Mode
Overview
Mode is a business intelligence and analytics platform. Learn more in the official Mode documentation.
The DataHub integration for Mode covers BI entities such as dashboards, charts, datasets, and related ownership context. Depending on module capabilities, it can also capture features such as lineage, usage, profiling, ownership, tags, and stateful deletion detection.
Concept Mapping
While the specific concept mapping is still pending, this shows the generic concept mapping in DataHub.
| Source Concept | DataHub Concept | Notes |
|---|---|---|
| Platform/account/project scope | Platform Instance, Container | Organizes assets within the platform context. |
| Core technical asset (for example table/view/topic/file) | Dataset | Primary ingested technical asset. |
| Schema fields / columns | SchemaField | Included when schema extraction is supported. |
| Ownership and collaboration principals | CorpUser, CorpGroup | Emitted by modules that support ownership and identity metadata. |
| Dependencies and processing relationships | Lineage edges | Available when lineage extraction is supported and enabled. |
Module mode
Important Capabilities
| Capability | Status | Notes |
|---|---|---|
| Asset Containers | ✅ | Enabled by default. |
| Column-level Lineage | ✅ | Supported by default. |
| Descriptions | ✅ | Enabled by default. |
| Detect Deleted Entities | ✅ | Enabled by default via stateful ingestion. |
| Extract Ownership | ✅ | Enabled by default. |
| Platform Instance | ✅ | Enabled by default. |
| Table-Level Lineage | ✅ | Supported by default. |
Overview
The mode module ingests metadata from Mode into DataHub. It is intended for production ingestion workflows and module-specific capabilities are documented below.
Prerequisites
Before running ingestion, ensure network connectivity to the source, valid authentication credentials, and read permissions for metadata APIs required by this module.
Authentication
Generate an API token and password following Mode's Authentication documentation.
Mode requires a user account for authentication (no service accounts).
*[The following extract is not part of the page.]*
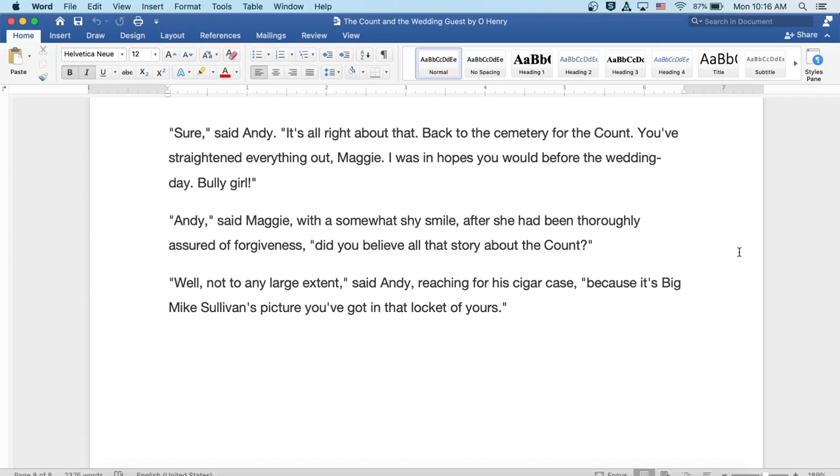Well, not to any large extent, said Andy, reaching for a cigar case. Because it's Big Mike Sullivan's picture you got in that locket of yours.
Consider creating a dedicated user for DataHub ingestion.
Permissions
DataHub ingestion requires the user to have the following permissions:
Have at least the "Member" role.
For each Connection, have at least"View" access.
To check Connection permissions, navigate to "Workspace Settings" → "Manage Connections". For each connection in the list, click on the connection → "Permissions". If the default workspace access is "View" or "Query", you're all set for that connection. If it's "Restricted", you'll need to individually grant your ingestion user View access.
For each Space, have at least "View" access.
To check Collection permissions, navigate to the "My Collections" page as an Admin user. For each collection with Workspace Access set to "Restricted" access, the ingestion user must be manually granted the "Viewer" access in the "Manage Access" dialog. Collections with "All Members can View/Edit" do not need to be manually granted access.
Note that if the ingestion user has "Admin" access, then it will automatically have "View" access for all connections and collections.
Install the Plugin
pip install 'acryl-datahub[mode]'
Starter Recipe
Check out the following recipe to get started with ingestion! See below for full configuration options.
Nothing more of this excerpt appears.